→ **Entries shown**:
***
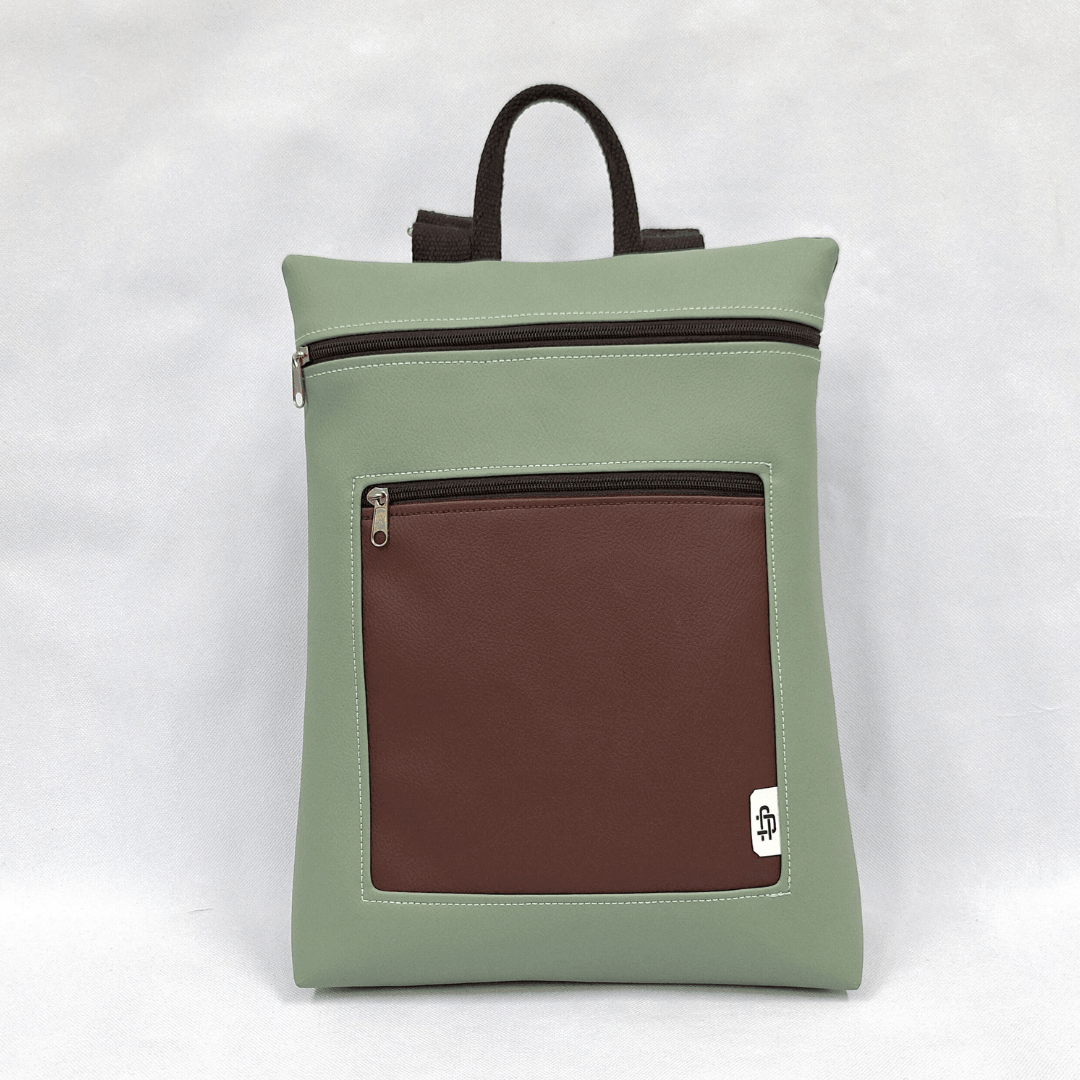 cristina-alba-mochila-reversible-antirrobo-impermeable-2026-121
***
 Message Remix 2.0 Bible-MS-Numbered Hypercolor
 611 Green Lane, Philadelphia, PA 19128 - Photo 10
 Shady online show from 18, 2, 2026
***
→ **Exercise objective**: After locating the line holding "611 Green Lane, Philadelphia, PA" above, output exactly that line and every line after it through the line holding "Shady online show from 18, 2, 2026". Include nothing else.

→ **Solution**:
 611 Green Lane, Philadelphia, PA 19128 - Photo 10
 Shady online show from 18, 2, 2026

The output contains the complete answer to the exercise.